Connor is the artistic director, producer, and co-founder of the Brisbane-based contemporary classical concert series “Argo”. Founded in 2015, Argo creates immersive experiences bending the boundaries of artform, fostering creative collaborations between artists of various mediums. In 2018, Connor was nominated and shortlisted as a finalist in the APRA AMCOS Art Music Awards in the “Excellence by and Individual” category for his artistic direction of Argo throughout it’s 2017 Concert Season.

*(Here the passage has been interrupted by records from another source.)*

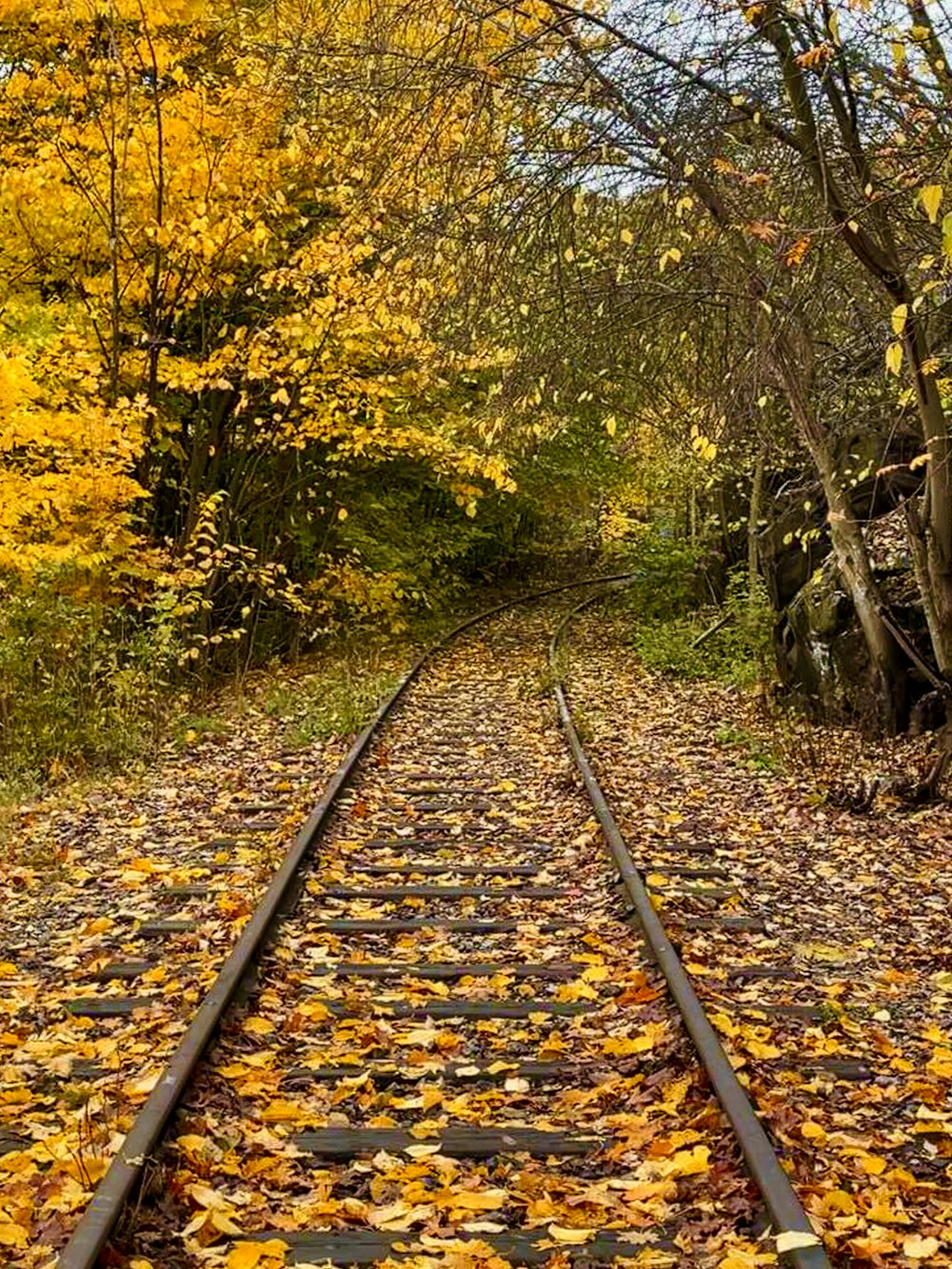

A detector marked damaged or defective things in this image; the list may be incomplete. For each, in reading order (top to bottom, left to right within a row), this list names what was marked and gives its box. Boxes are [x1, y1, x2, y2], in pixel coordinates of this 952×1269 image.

rusty rail head [59, 573, 642, 1269]
rusty rail head [550, 591, 832, 1269]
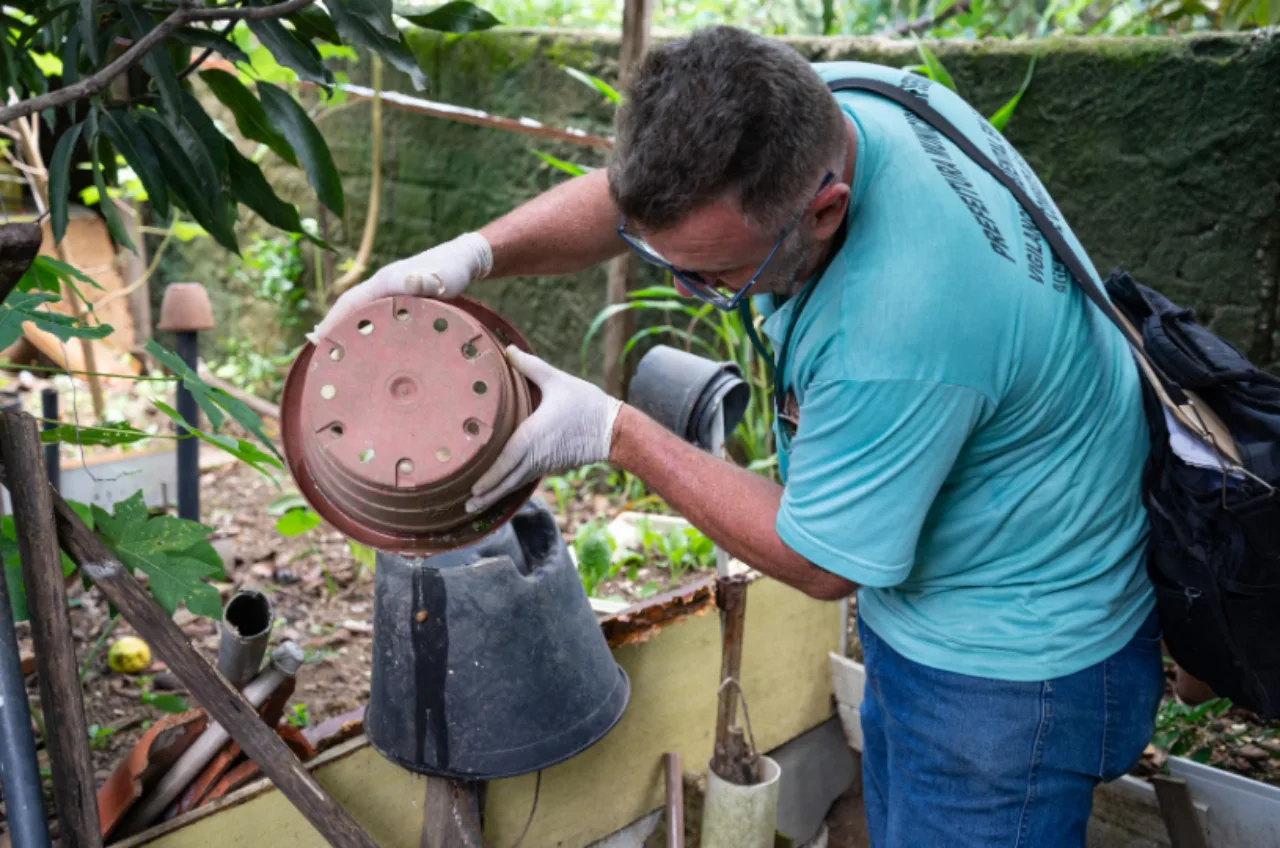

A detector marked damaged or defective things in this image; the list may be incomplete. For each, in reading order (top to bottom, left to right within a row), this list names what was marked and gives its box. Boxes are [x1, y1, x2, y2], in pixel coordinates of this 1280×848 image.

rusty red pot base [280, 295, 540, 555]
rusted metal edge [108, 737, 373, 848]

As a performer, Connor is one half of “We Are Breathing” alongside American cellist Ben Baker. After the pair met in July 2017 when both were artists-in-residence at the Massachusetts Museum of Contemporary Art, they sought to collaborate on a project bringing together their various musical backgrounds spanning classical, folk and electronic music, their love of diverse musical styles from minimalism, electronica, alt-rock and jazz, and their drive to create art that breaks down the barriers between genres and audiences. The result is a new music duo creating raw, tender and emotional sounds straddling across musical worlds. With Ben on cello and Connor on synths and live electronics, their music fuses Connor’s unique compositional voice and Ben’s virtuosic playing with live signal processing and electronics creating complexly layered experiences. In 2018 We Are Breathing undertook their debut tour in Australia with four shows along the east coast, including a performance in the line up of City Recital Hall’s new all day new-music festival Extended Play.

Connor is a trained classical bass, performing throughout Australia. He is also a talented photographer, videographer and visual-artist, creating and shooting not only material for his music, but also for a number of other artists and musicians.

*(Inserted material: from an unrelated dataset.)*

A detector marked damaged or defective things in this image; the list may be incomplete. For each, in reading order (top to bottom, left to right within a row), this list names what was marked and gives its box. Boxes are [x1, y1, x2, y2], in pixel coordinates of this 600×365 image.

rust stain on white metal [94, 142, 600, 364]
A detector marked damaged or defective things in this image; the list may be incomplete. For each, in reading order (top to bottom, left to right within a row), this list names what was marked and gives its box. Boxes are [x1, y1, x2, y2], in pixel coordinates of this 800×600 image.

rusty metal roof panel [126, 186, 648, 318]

Currently Connor is based in London where is he studying his Masters of Music at the Royal College of Music. He is a Tait Trust Scholar at the Royal College of Music, and his studies are further supported by the Australian Music Foundation Award, the Tait Performing Arts Association, a Churchie Foundation Scholarship, and by the Big Give Campaign at RCM. Connor has a Bachelor of Music (Honours), graduating with First-Class Honours in 2016 from the University of Queensland.

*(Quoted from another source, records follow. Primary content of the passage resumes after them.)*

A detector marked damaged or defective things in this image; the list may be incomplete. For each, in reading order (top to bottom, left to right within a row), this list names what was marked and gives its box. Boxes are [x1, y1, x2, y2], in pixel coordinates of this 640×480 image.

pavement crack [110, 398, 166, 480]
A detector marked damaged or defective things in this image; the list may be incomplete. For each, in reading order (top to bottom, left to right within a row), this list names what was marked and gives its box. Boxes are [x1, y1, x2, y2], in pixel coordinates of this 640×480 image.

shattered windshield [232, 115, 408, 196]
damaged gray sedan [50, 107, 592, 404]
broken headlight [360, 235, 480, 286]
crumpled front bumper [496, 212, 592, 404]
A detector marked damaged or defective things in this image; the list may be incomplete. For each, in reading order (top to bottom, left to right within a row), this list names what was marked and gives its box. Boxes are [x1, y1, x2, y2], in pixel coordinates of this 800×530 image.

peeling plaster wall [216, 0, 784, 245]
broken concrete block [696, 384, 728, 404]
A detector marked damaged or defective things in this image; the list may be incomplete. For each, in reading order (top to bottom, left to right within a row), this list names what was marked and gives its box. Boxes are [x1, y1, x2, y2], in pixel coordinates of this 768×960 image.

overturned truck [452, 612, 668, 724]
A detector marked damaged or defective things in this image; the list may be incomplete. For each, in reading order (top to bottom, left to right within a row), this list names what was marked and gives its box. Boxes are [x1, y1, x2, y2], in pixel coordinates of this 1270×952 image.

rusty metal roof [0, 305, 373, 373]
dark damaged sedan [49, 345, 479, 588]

Composer website:  www.connordnetto.com


FEATURED WORKS

3 Adoxographies, for solo piano.

 

adoxography /adɔks’ɔgrafi/

(n.) beautiful writing on a subject of little or no importance  

To be precise, it is a modern word, which describes an ancient method to train the art of rhetoric. This method is described by Anthony Munday, in an English translation of an Italian book, The Defence of Contraries 1593, whereas the noun is first used in The Conflict of Religions in the Early Roman Empire 1909 by Terrot Glover. However the adjective adoxographical preceded it, used in the American Journal of Philology in 1903.

[from the modern Latin adoxus paradoxical or absurd derived from the Greek root doxa opinion or belief, and the French  suffix -graphie writing or field of study]

Featured in Playlist 7: Eclectic Waves, 31/7/2015


String Quartet No. 2 in Eminor, for string quartet.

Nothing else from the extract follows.